On Mon, 7 Nov 2016 14:26:11 +0100
Klemens Morgenstern
Am 07.11.2016 um 13:44 schrieb Lee Clagett:
On Mon, 7 Nov 2016 01:46:42 +0100 Klemens Morgenstern
wrote: I read through the explanation by Boris and the object as named parameters approach. The documentation never formally specifies a "property", or how a user could create a custom property for interacting with library (or did I miss this?). There is a section labeled "extensions" which list three functions: `on_setup`, `on_error`, and `on_success`. The documentation mentions no arguments for this functions. So how exactly do I extend this library? Did you mean the maintainers could add features easier? Separating different `properties` into unique calls would reduce the maintenance for the internal metaprogramming necessary for the current design. Well there are two things: first I forgot to add the signatures for
[...] [...] [...] [...] [...] [...] [...] the extensions and the example is wrong, but with those you can start with that.
Secondly, the I'll add a part about extensions, but that is currently not public. The interface is easily extensible, I didn't add documention for that and the necessary classes are in boost::proces::detail. The reason is, that this part of the library might change, and I don't think give I can give a guarantee that I won't break your code at some point if you use that. I.e. I don't want to, but it may be unavoidable. I'll add some implementation notes for that soon.
I think defining the concept of `properties` and how it will be extended will help in the documentation and refining the implementation.
Here's how you'd do it:
struct my_handler : boost::process::detail::handler { //overload the event handlers template<typename Exec> void on_success(Executor & exec) const {cout << "it works" << endl;} };
my_handler mh; bp::child c("foo", mh);
And with two template specializations & one more class you can add a marked type, which is not directly an initializer. That's a bit mor complicated, but possible.
So I cannot modify how the process is actually launched? Or does `exec` provided to `on_setup` have a modifiable dynamically dispatch function (I didn't see this in the implementation)? I apologize for not being explicit earlier, what I noticed was that `argument properties` are different from other type of properties. They manipulate the launching of the process. Some of the other properties manipulate before/after state (`on_setup`, `on_error`, `on_success`). Does this mean that there are actually two different concepts here? A `launcher` (execv, shell, etc) concept, and a `property` concept? There is certainly some special magic for `shell`. Which leads to ... why does the `child` constructor launch the process? Is `child launch(...)` and `child shell(...)` more appropriate? Or even `child launch("foo", "args")(...properties...)`, where `properties` can only change state via `on_setup`, `on_error`, `on_success`?
[...] [...]
Its worth repeating that Bjorn suggested something like:
bp::system("gcc").env(...)("--version");
which does not require named parameters for the arguments properties. Do you really want me to repeat for the 42th time why this is a bad idea? [...]

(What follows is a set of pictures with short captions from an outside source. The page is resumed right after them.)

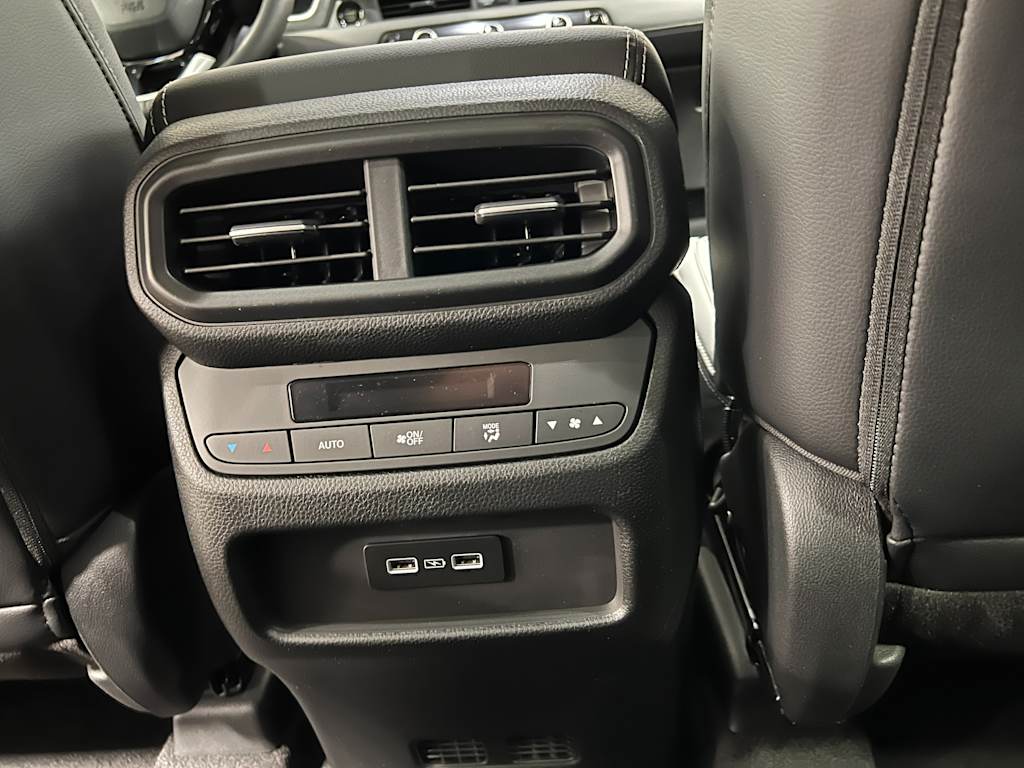 Thumbnail: 2025 Honda Pilot - 30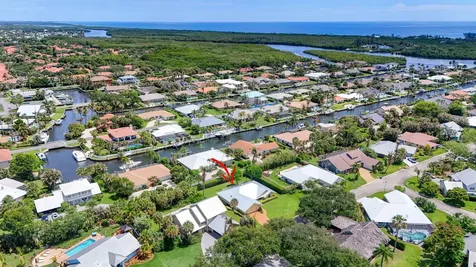 10420 SE Jupiter Narrows Drive Hobe Sound FL 33455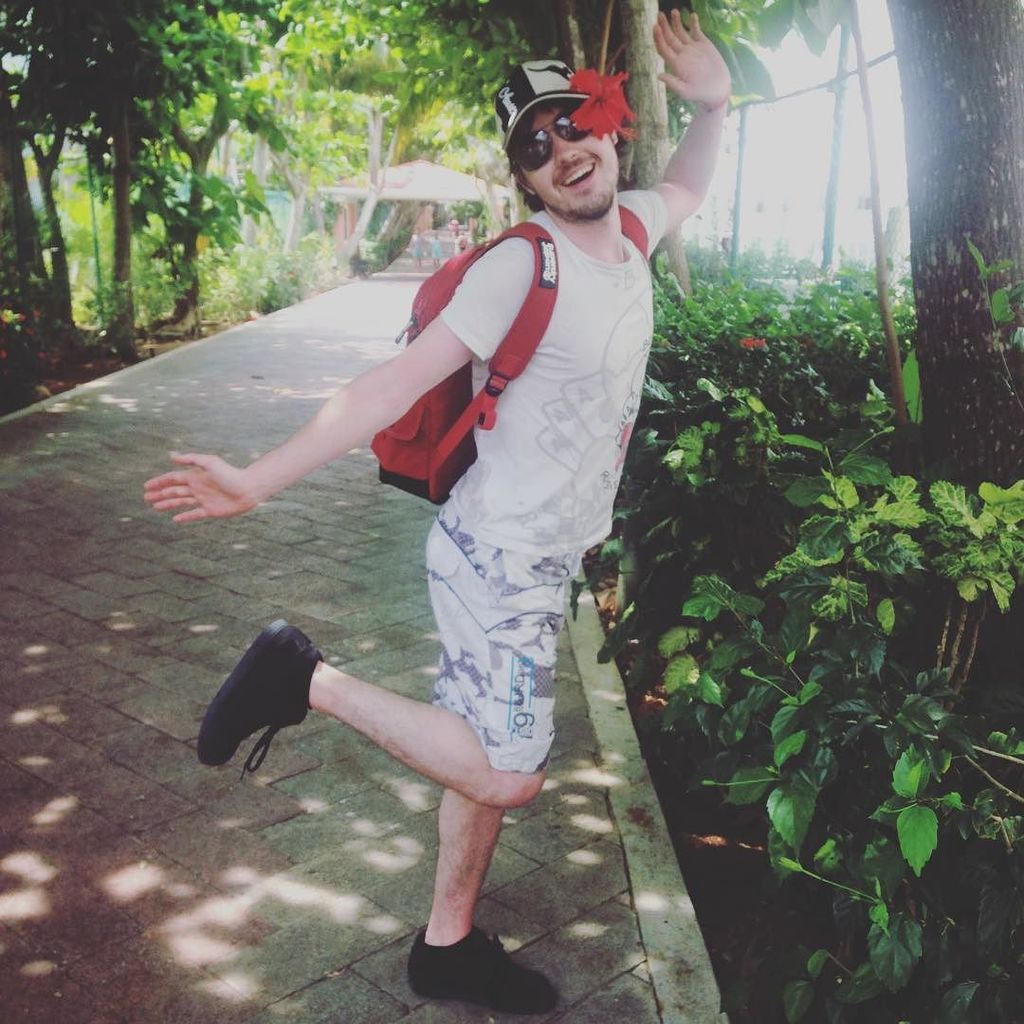 MientrasPlaya's tweet photo. Such a girl!! #pansy #girlyboy #suchanut #punkrockerwithflowersinhishair #holiday #vacatio… https://t.co/sOnADDiSRC https://t.co/atLnLc83Cm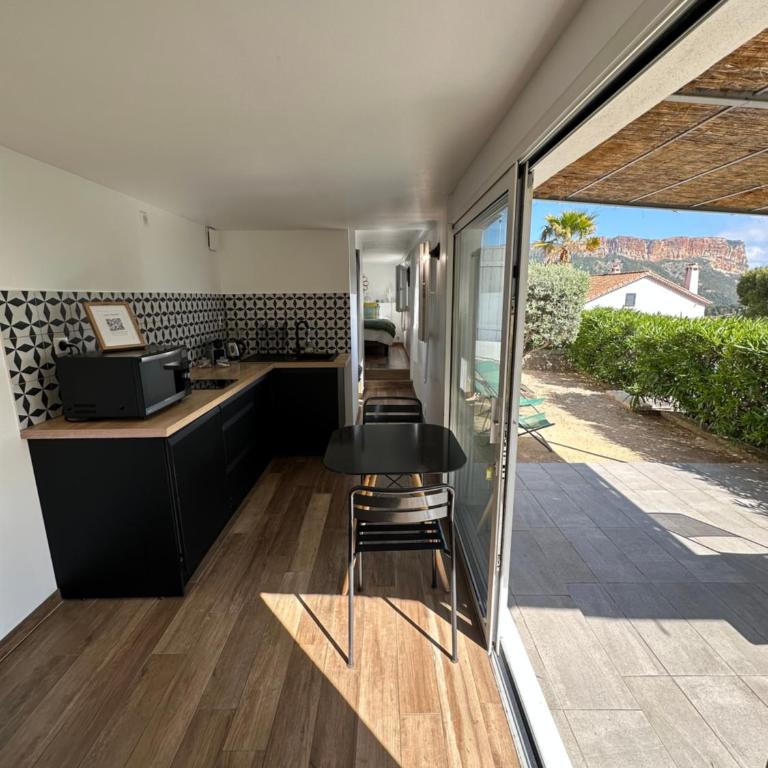Home Cassis - Maison Méditerranée - Piscine chauffée à 30c - Studio Supérieur - 11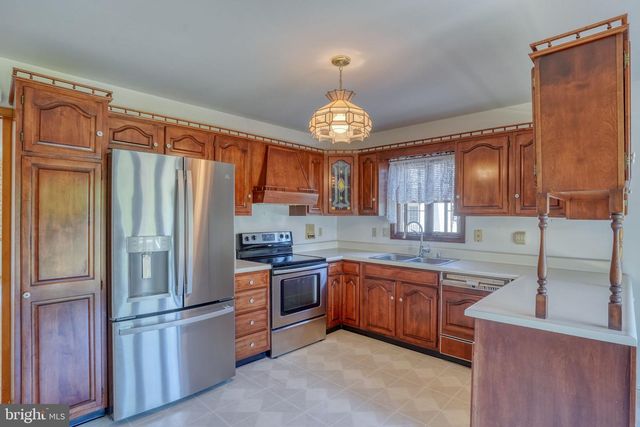 7 WOODS LN, Ocean View, DE 19970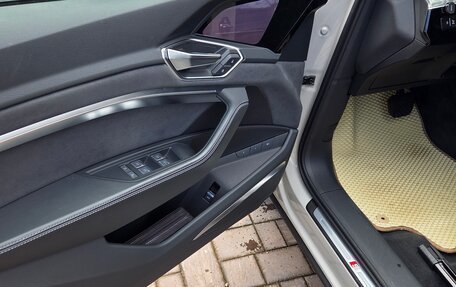 Audi e-tron I, 2021 год, 4 700 000 рублей, 15 фотография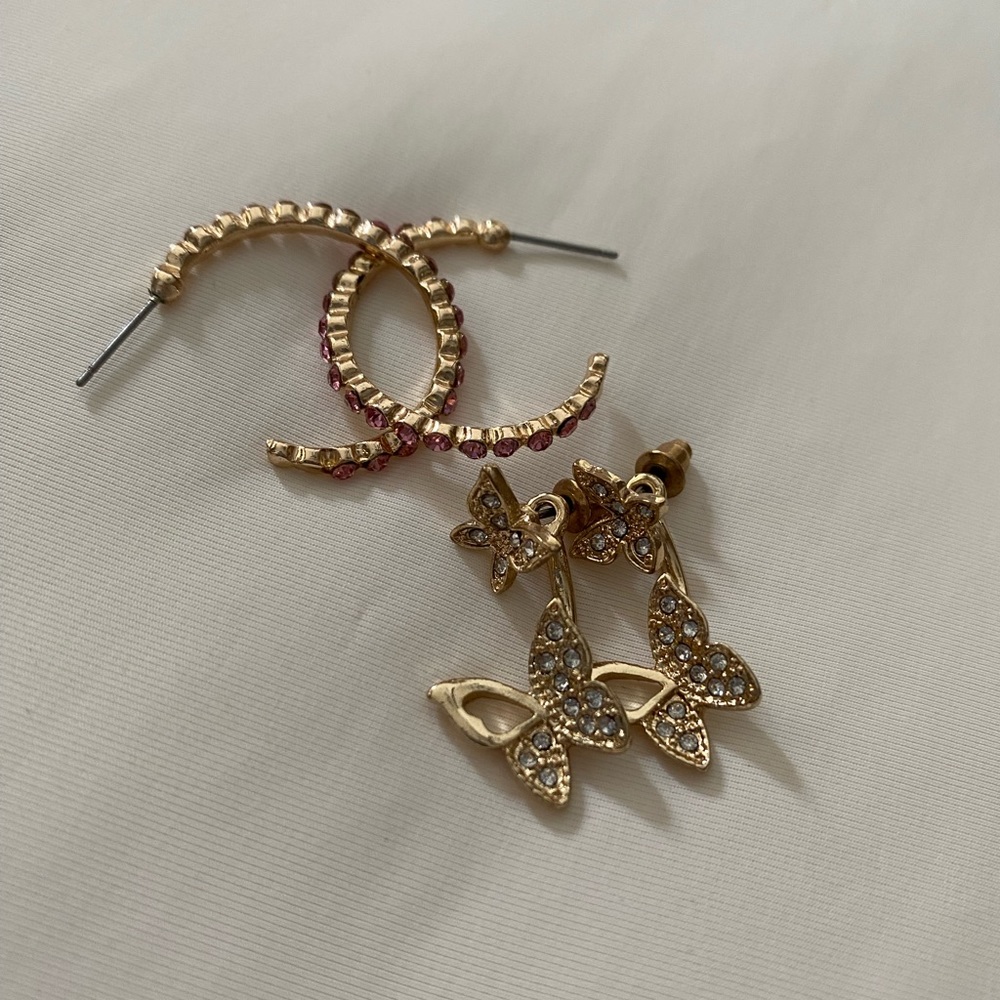 Gold aesthetic earrings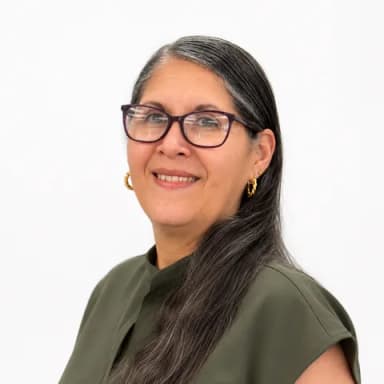 Mirta, Técnica de Pestañas y Uñas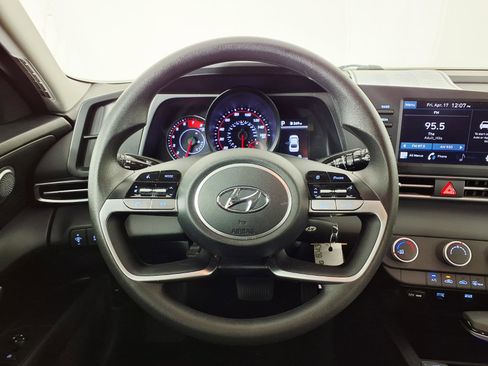 Certified 2023 Hyundai Elantra SE image 15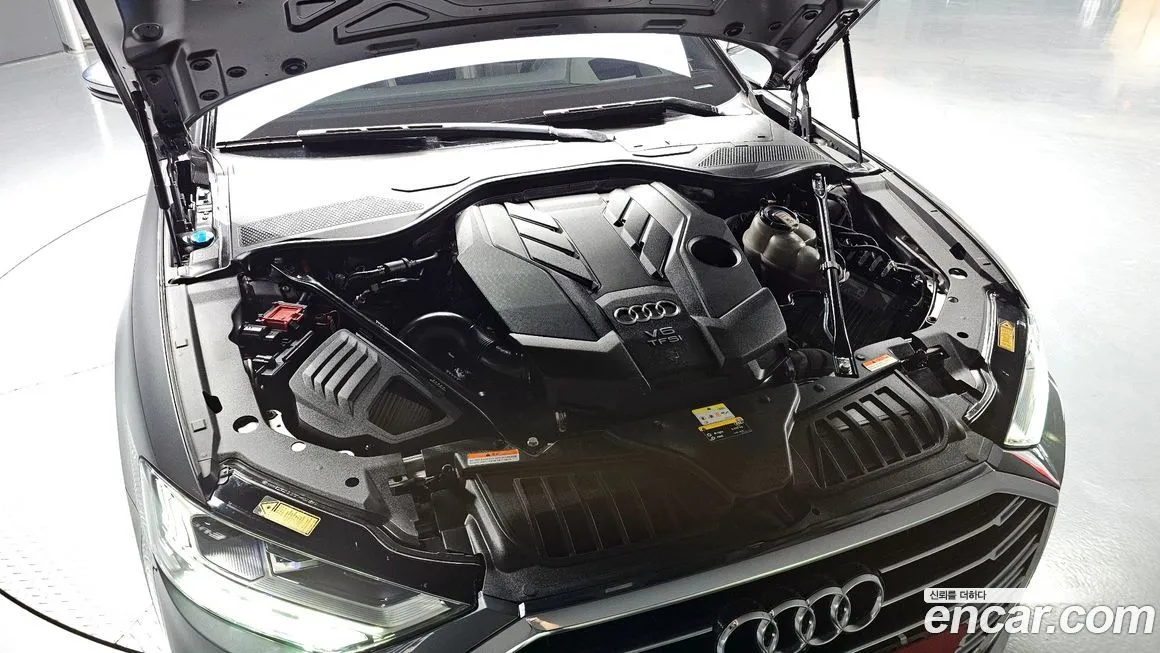 Audi A8 — фото 7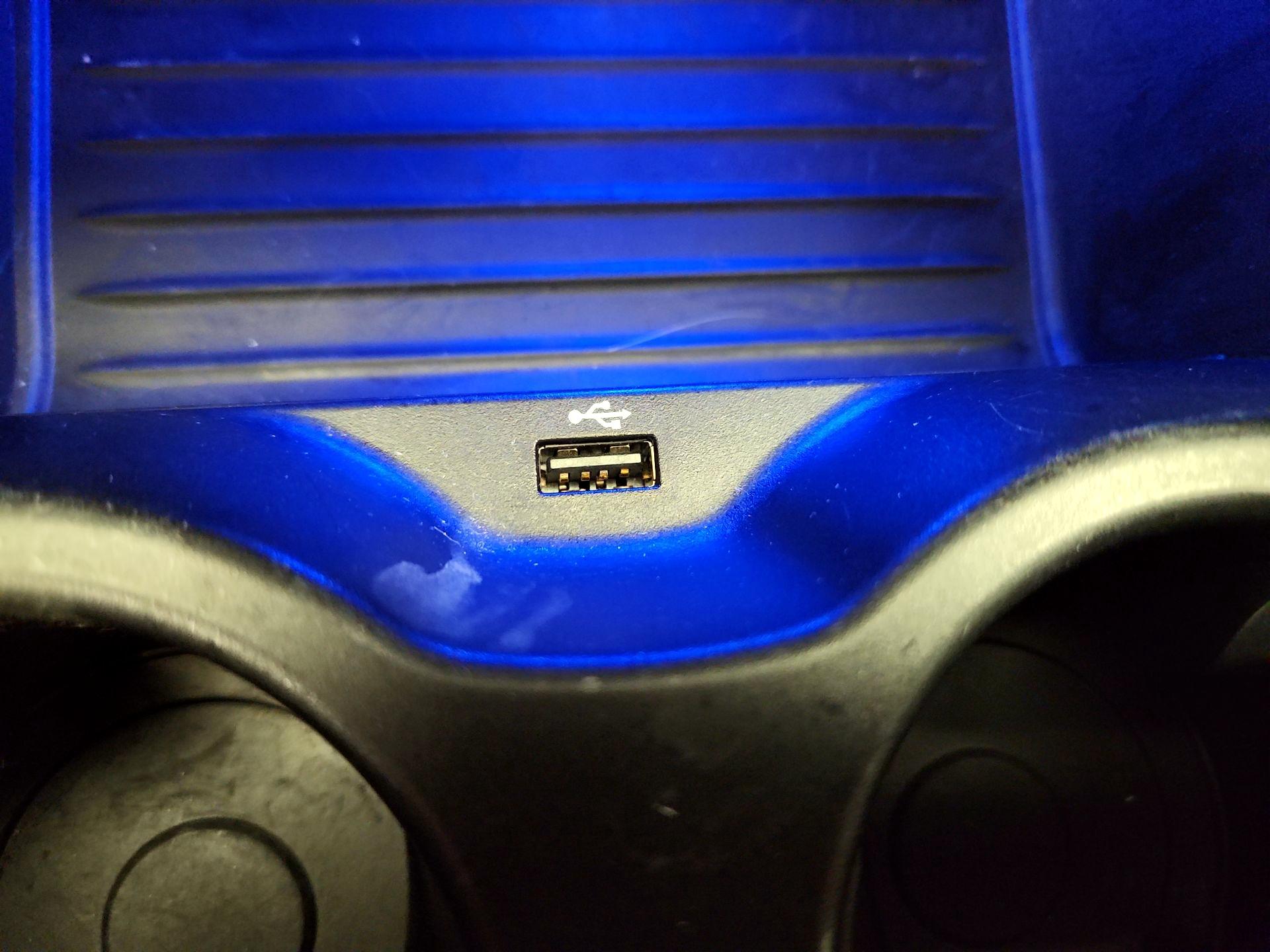 Thumbnail: 2022 BMW 5 Series - 17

I _think_ your issue with named parameters is that they inherently require lazy process launching, and some of the parameters cannot/should not be "bound" to an object that is later used to launch a process. Is that accurate? The remaining arguments I recall seeing: (1) not extensible, (2) inefficient, (3) access to values that should be hidden - I do not agree with. Conceptually, the only difference is the lazy nature of the named parameter approach which requires "binding" of some values to an object before launching the process. So yes, this could be undesirable if resources are cleaned up before invocation. I suspect the named parameters will be easier to implement since it does not require massive filtering and dispatching, although I could be incorrect. Named parameters also means the removal of a accept-anything constructor with potentially confusing internal errors. And it should be possible to disable named parameters by returning a new callable type, so that a parameter can only be invoked once.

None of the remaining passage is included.